Gezondheid & Psyche
Ik heb een angststoornis
2 minuten leestijd
Posted on November 26, 2018
Als kind was ik verlegen en gevoelig. Ik had drie broers en een zus, een lieve, warme moeder en een vader waarvan de buitenwereld dacht dat hij een vrolijke en gezellige man was. Maar dat was één kant van hem. Thuis liet hij een heel andere kant zien. Hij had namelijk ook een heel moeilijke en dominante kant. Als hij binnenkwam, bracht hij een spanning mee waar we allemaal bang voor waren. Na de lagere school ging ik naar de huishoudschool. Zodra ik mijn diploma op zak had, solliciteerde ik op een baan in de zorg voor mensen met een verstandelijke beperking. Toen ik werd aangenomen, was ik dolblij. Ik had een aantal prima collega’s en we deden er alles aan om de sfeer in de groep fijn te maken. Natuurlijk was ik nog steeds jong en onzeker, maar in mijn werk voelde ik me sterk. Toen dat dan ook - na een vakantie - totaal onverwacht tijdens een werkoverleg onderuit werd gehaald door een paar van mijn collega’s, stortte mijn wereld in. Ik kon hun onverwachte kritiek niet begrijpen. Er knapte iets in me.

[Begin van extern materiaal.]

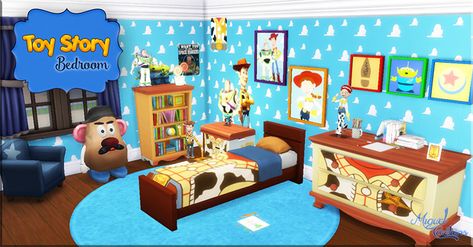 Fun Cartoon CC & Mods For The Sims 4 – FandomSpot My Little Pony Bedroom, Toy Story Bedroom, Toy Story Room, Sims 4 Blog, Disney Furniture, Bedroom Toys, Sims 4 Cc Kids Clothing, Sims 4 Bedroom, Disney With A Toddler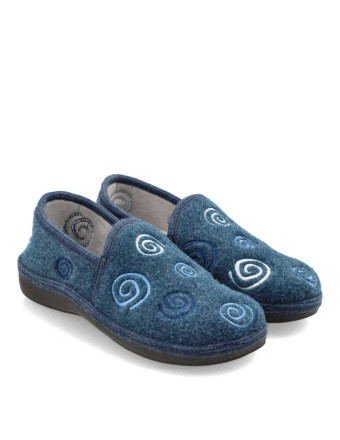 Sv 03L-BUCLE - ZAPATILLA CASA ESTRELLAS Zapatillas Casa - Imagen 2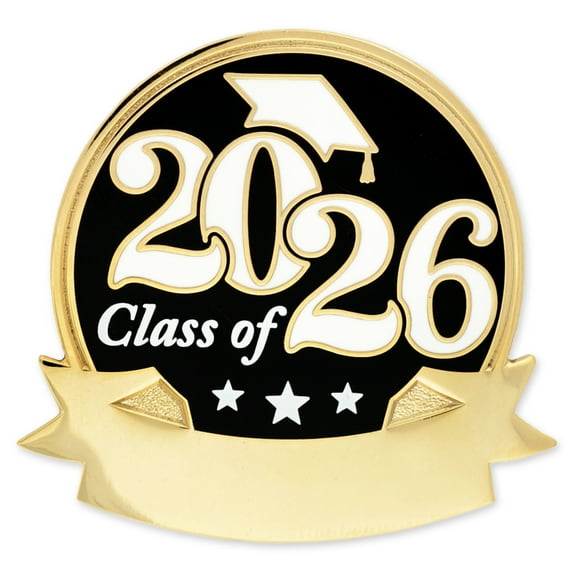 PinMart 2026 Graduate Engravable Pin - Gold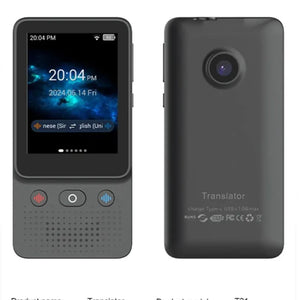 Portable T16 AI Voice Translator: 138 Languages, Real-Time, 3.1" Screen, Offline Capability, Voice Record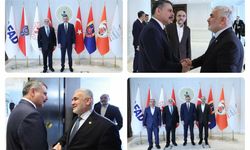 HÜDA PAR'dan İçişleri Bakanı Mustafa Çiftçi'ye hayırlı olsun ziyareti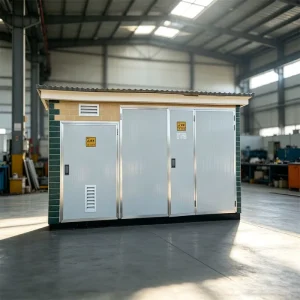 All One Prefabricated Box Type Power Substation Outdoor Electrical Transformation House Industrial Park Projects IP44 Rated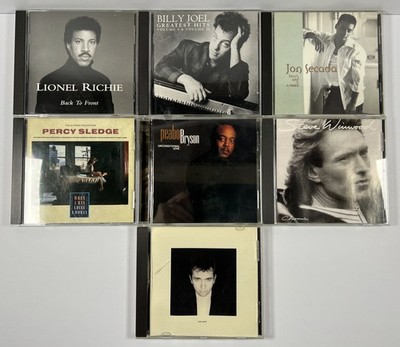 Lot Of 7 Various CD's Lionel Richie Billy Joel Percy Sledge Winwood Free Ship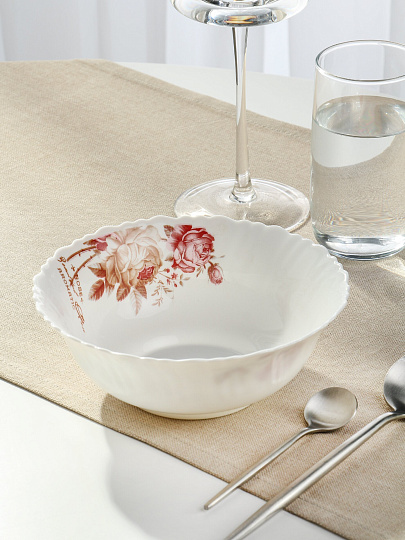 Салатник стеклокерамика, круглый, 18х6 см, 0.6 л, Шарм, TW70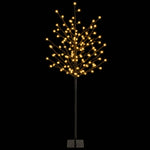 LED-es gömb karácsonyfa Fekete 18 x 18 x 120 cm Acél 150 LED 4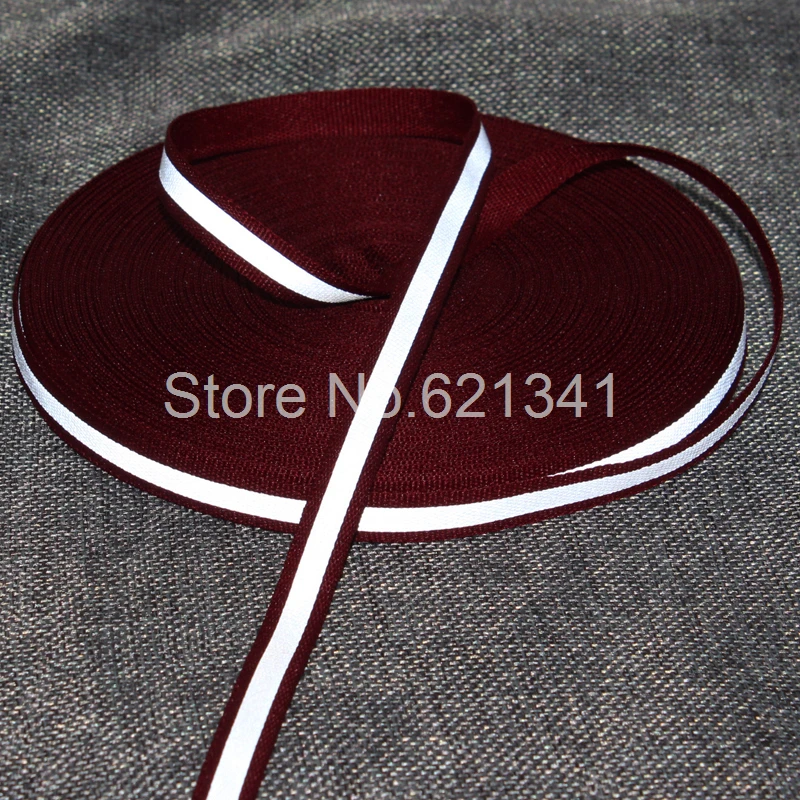 Burgundy Red Color 10mm*5mm High Bright Reflective Fabric Tape Webbing Ribbon (50 yards/lot) | Дом и сад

Ik sloeg op de vlucht voor mezelf. Nergens vond ik rust of voelde ik me veilig. Ten einde raad ging ik naar de huisarts. ”Hyperventilatie”, zei die arts en toen stond ik weer buiten met een papieren zakje om in te blazen. In deze vreselijke periode ontmoette ik op de toneelclub van mijn werk een collega: Bas. We werden verliefd en binnen twee maanden woonden we samen. Toch ging het steeds minder goed met me. Op aanraden van de huisarts nam ik na lang aarzelen toch een tijdje medicijnen. Die hielpen me om rustiger te worden en weer grip op mezelf te krijgen. In die jaren ging ik drie keer in therapie en ik deed een zogenaamde ’familieopstelling’. Ik zag hoe mijn jeugd door mijn vader was bepaald. Ik heb door die therapieën en die familieopstelling definitief afstand genomen van mijn vader. Hij werd in 2004 ziek en overleed vrij snel daarna. Ik kwam in die jaren zo veel verder.
Toen ik er bijna tien jaar geleden achter kwam dat ik een angststoornis had, was ik dan ook niet verdrietig, maar opgelucht. Eindelijk kon ik dat gevoel van verraad een plek geven. Ik weet nu wie ik ben, met mijn sterke en mijn zwakke kanten. De angststoornis hoort bij me, maar is me niet meer de baas.